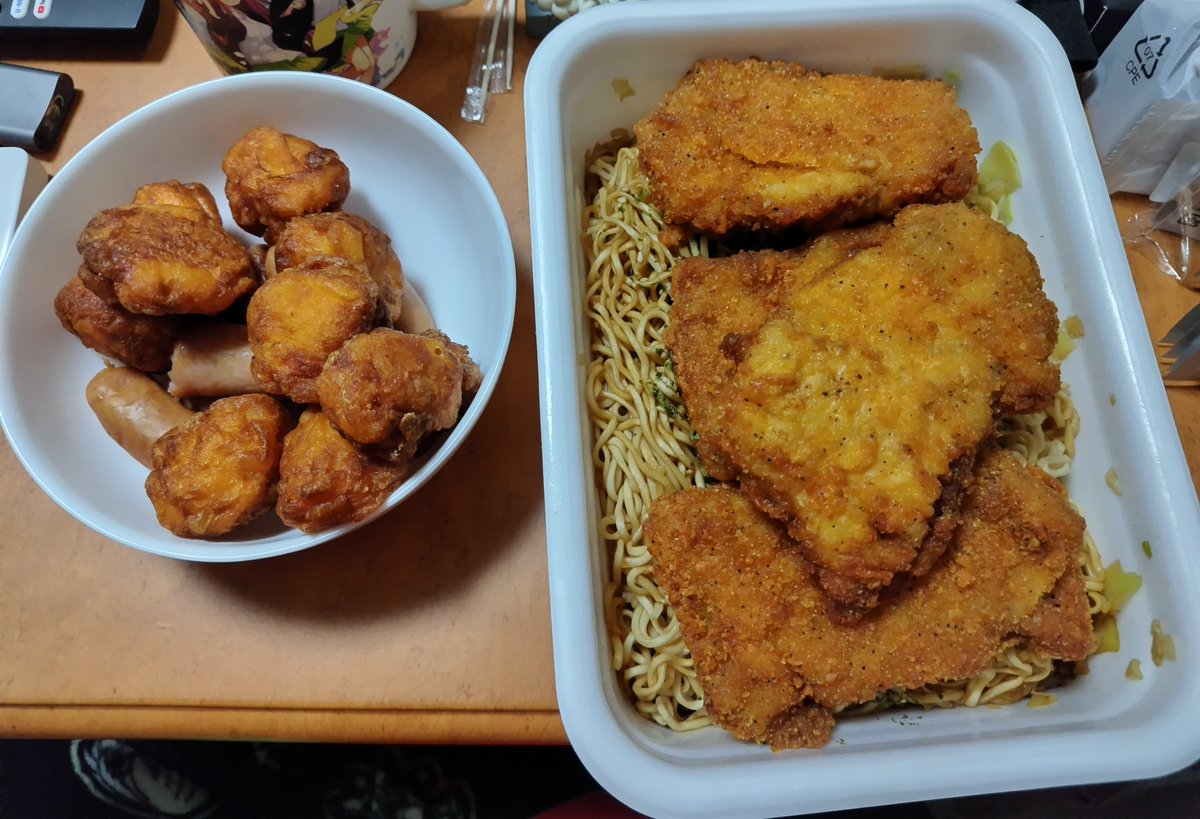 完凸みよセスリ tweet media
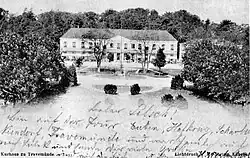 Postkarte des alten Kurhauses; zweigeschossiges Gebäude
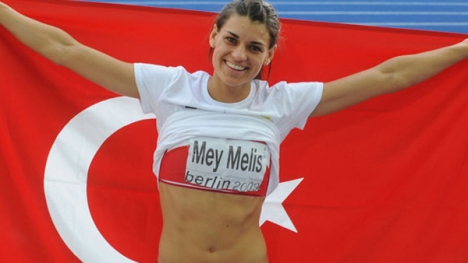 Uzun atlamada Melis Mey 5. oldu..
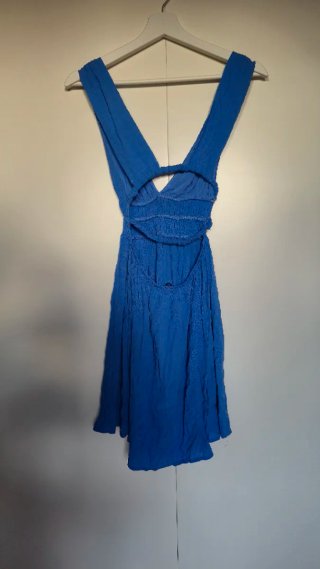 Vestido azul escote V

**Prompt**
Only the pictures are dropped. Otherwise, write out the listing exactly.

**Your solution**
 完凸みよセスリ tweet media
 Postkarte des alten Kurhauses; zweigeschossiges Gebäude
 Uzun atlamada Melis Mey 5. oldu..
 Vestido azul escote V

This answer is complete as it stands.